Abstract: PathORAM is a popular security primitive for obfuscating memory access patterns from a secure processor to an insecure main memory. Emerging throughput multicore and GPU processors provide immense memory bandwidth via multiple on-chip memory controllers. PathORAM translates a single off-chip cache line access into ∼100 cache lines, thereby stressing the available memory bandwidth. However, current PathORAM scheme shows degradation of bandwidth utilization with an increase in the number of memory controllers. This deprivation in bandwidth utilization is primarily due to the fact that PathORAM falls short in proportionate distribution of memory accesses among all available on-chip memory controllers. This paper presents a novel ORAM path distribution scheme that ensures balanced load distribution among parallel on-chip memory controllers, and consequently improves secure processor performance by ∼24% over state-of-the-art PathORAM scheme.
Connecting the Dots: Privacy Leakage via Write-Access Patterns to the Main Memory
Published In: IEEE Transactions on Dependable and Secure Computing, 2017.
Abstract: Data-dependent access patterns of an application to an untrusted storage system are notorious for leaking sensitive information about the user’s data. Previous research has shown how an adversary capable of monitoring both read and write requests issued to the memory can correlate them with the application to learn its sensitive data. However, information leakage through only the write access patterns is less obvious and not well studied in the current literature. In this work, we demonstrate an actual attack on power-side-channel resistant Montgomery’s ladder based modular exponentiation algorithm commonly used in public key cryptography. We infer the complete 512-bit secret exponent in ~3-5 minutes by virtue of just the write access patterns of the algorithm to the main memory. In order to learn the victim algorithm’s write access patterns under realistic settings, we exploit a compromised DMA device to take frequent snapshots of the application’s address space, and then run a simple differential analysis on these snapshots to find the write access sequence. The attack has been shown on an Intel Core(TM) i7-4790 3.60GHz processor based system. We further discuss a possible attack on McEliece public-key cryptosystem that also exploits the write-access patterns to learn the secret key.

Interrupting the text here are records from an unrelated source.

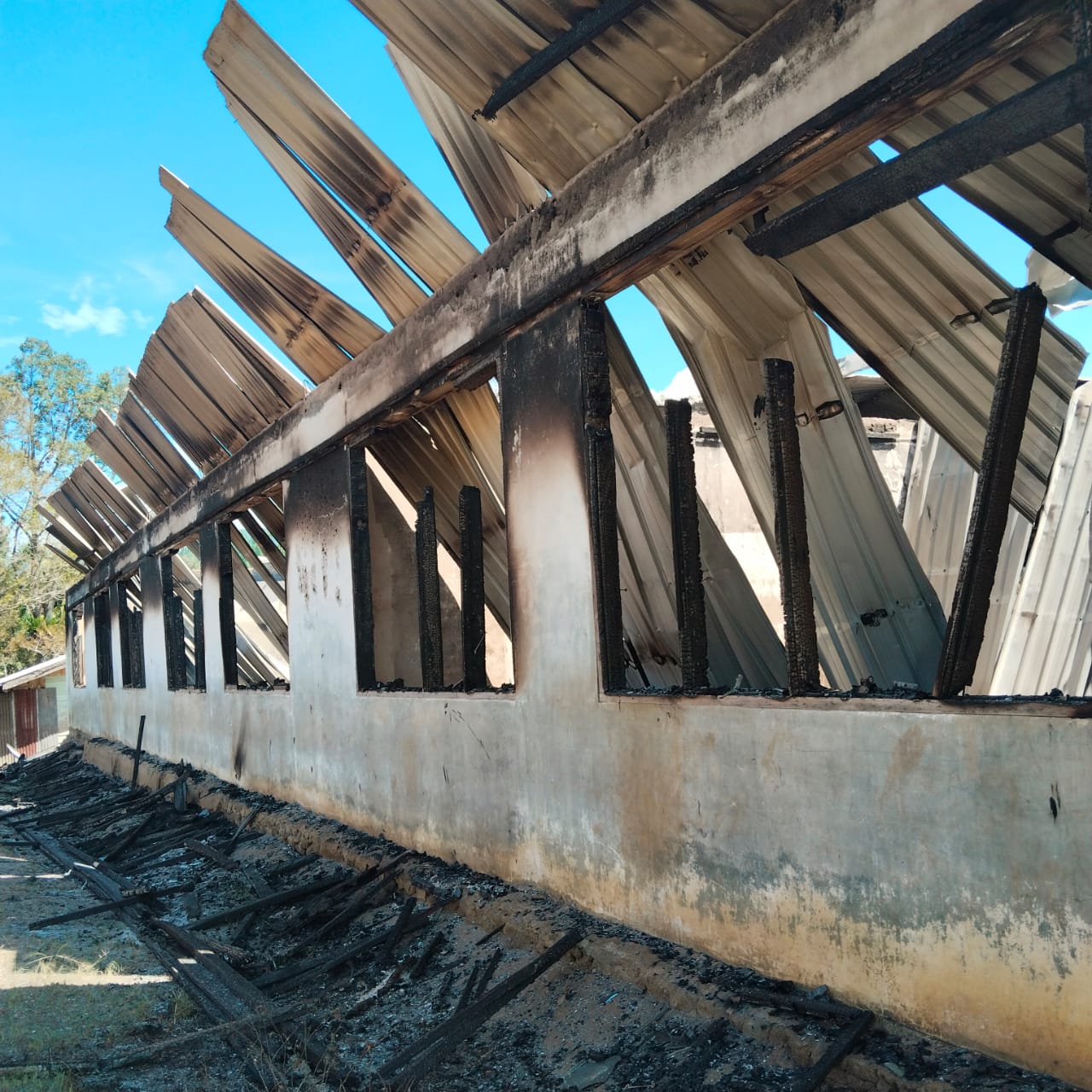HANGUS TERBAKAR. Sebanyak 4 ruangan SDN 030324 Tanjung Saluksuk, Desa Tanjung Saluksuk, Kecamatan Pegagan Hilir, Dairi, hangus terbakar, Senin (5/1/2025).(istimewa).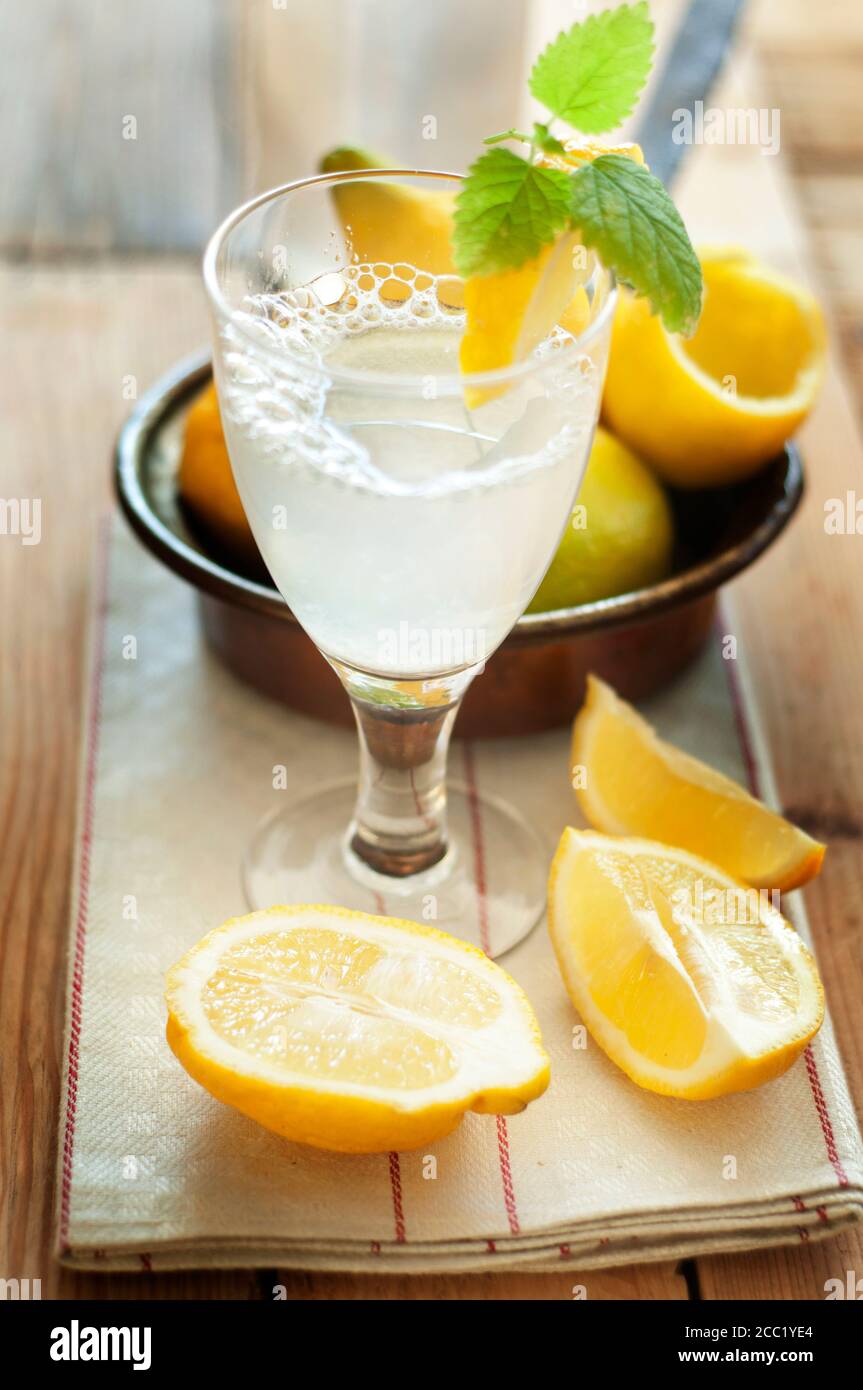 Soda Limone sul tovagliolo con il limone Foto Stock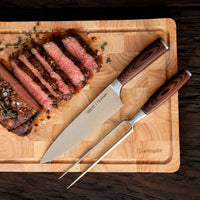 Simplit Set Parrillero Toledo cuchillo 21 cm y tenedor — sobre tabla de madera con carne asada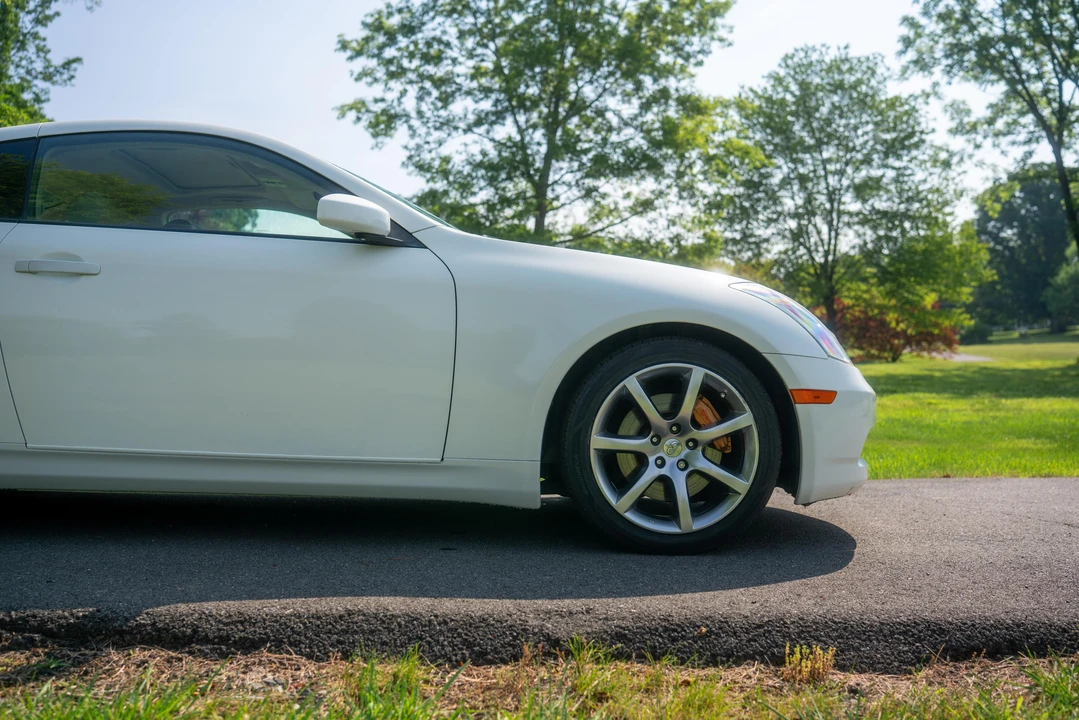 2004 Infiniti G35 3rd Gen - Image 26 of 31
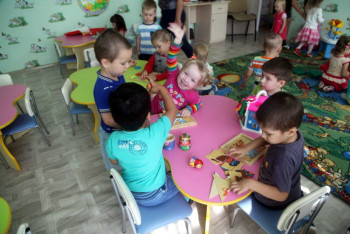 Фотография к новости: В Караганде ищут подпольный детсад, где ребенок ударился головой о кафель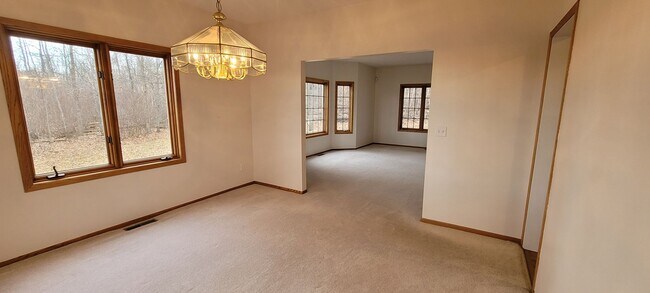 Building Photo - Beautiful Home Down by the River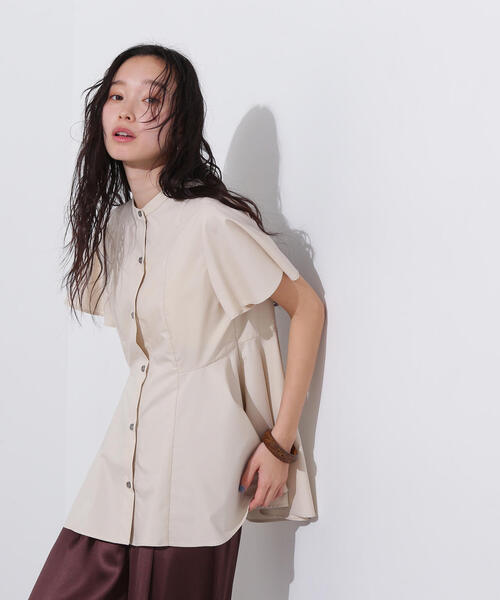 N.（N. Natural Beauty Basic）（エヌエヌナチュラルビューティーベーシック）の「フレアスリーブペプラムブラウス（シャツ/ブラウス・レディース・ベージュ/ブラウン/ライトグリーン・MEDIUM）」の2枚目の写真
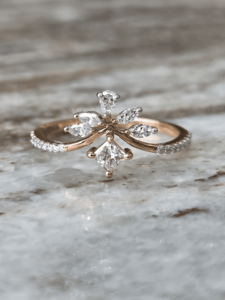 Anillo de Compromiso de Oro Rosa de 14K con Diamante Cultivado en Laboratorio en Forma de Pera Marquise, Certificado por IGI, con Diseño Floral y Tallo Dividido, 0.40ct, para Mujer - Product Image 1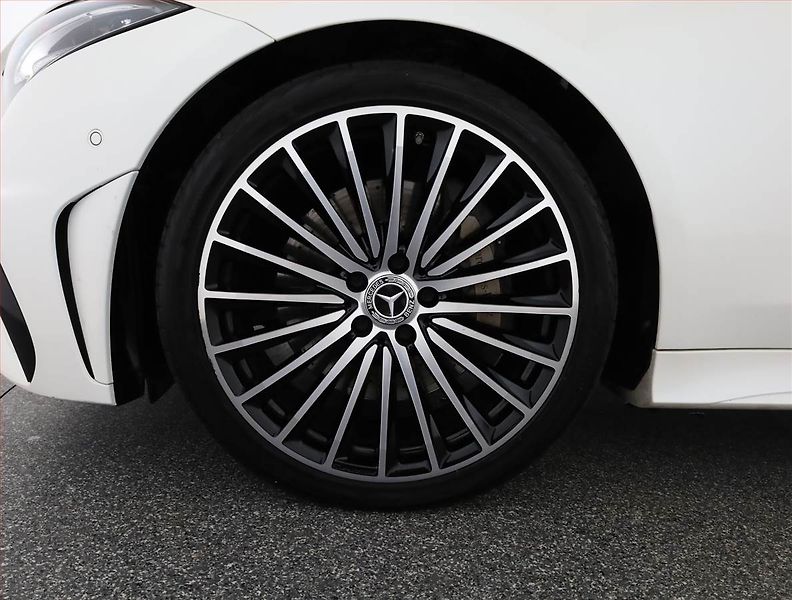 Mercedes-Benz CLS (2022) 400 d 4MATIC - fotka 18 z 18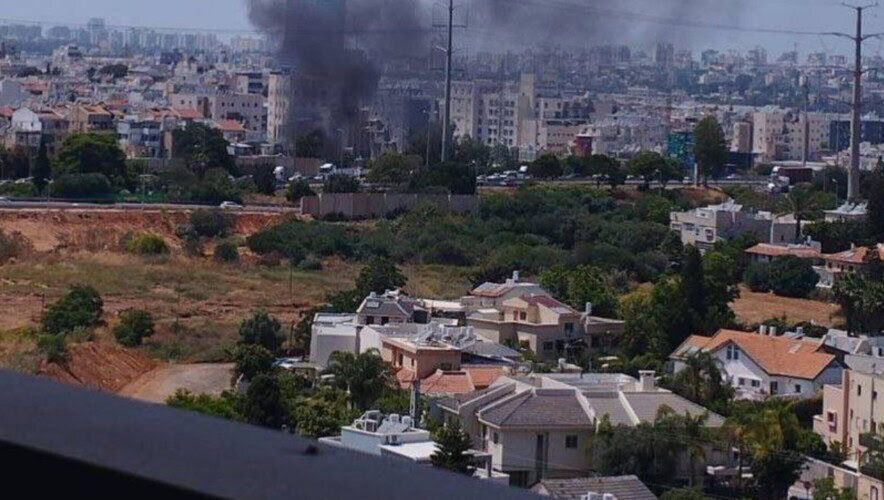 Izrael nije uspeo da se odbrani! HAMAS danas nekoliko puta pogodio Tel Aviv (VIDEO)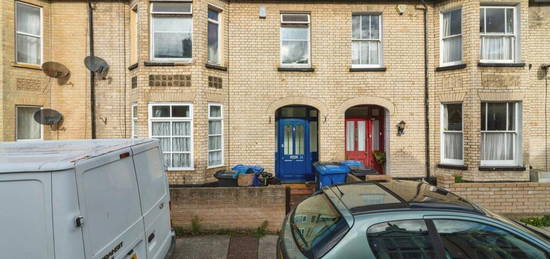 3 bedroom flat for sale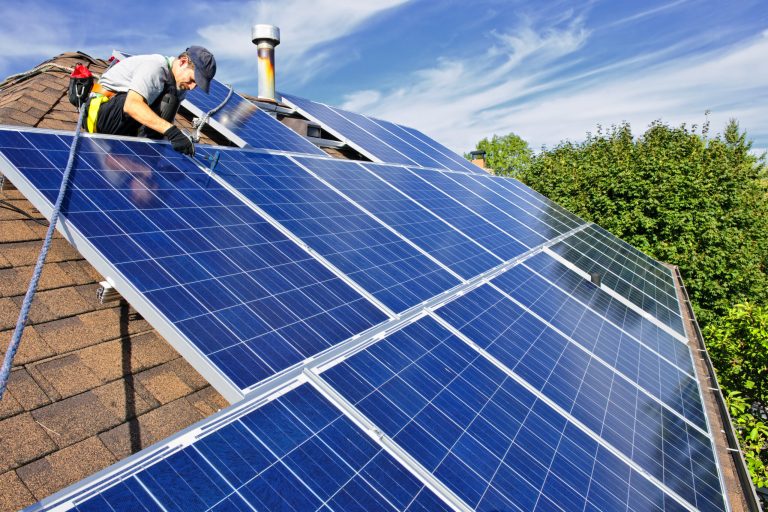 5 Reasons Why Solar Generators Are A Good Investment For Your Home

Leveraging Hardware Isolation for Process Level Access Control & Authentication
Published In: ACM Symposium on Access Control Models and Technologies, 2017.
Abstract: Critical resource sharing among multiple entities in a processing system is inevitable, which in turn calls for the presence of appropriate authentication and access control mechanisms. Generally speaking, these mechanisms are implemented via trusted software “policy checkers” that enforce certain high level application-specific “rules” to enforce a policy. Whether implemented as operating system modules or embedded inside the application ad hoc, these policy checkers expose additional attack surface in addition to the application logic. In order to protect application software from an adversary, modern secure processing platforms, such as Intel’s Software Guard Extensions (SGX), employ principled hardware isolation to offer secure software containers or enclaves to execute trusted sensitive code with some integrity and privacy guarantees against a privileged software adversary. We extend this model further and propose using these hardware isolation mechanisms to shield the authentication and access control logic essential to policy checker software. While relying on the fundamental features of modern secure processors, our framework introduces productive software design guidelines which enable a guarded environment to execute sensitive policy checking code -- hence enforcing application control flow integrity -- and afford flexibility to the application designer to construct appropriate high-level policies to customize policy checker software.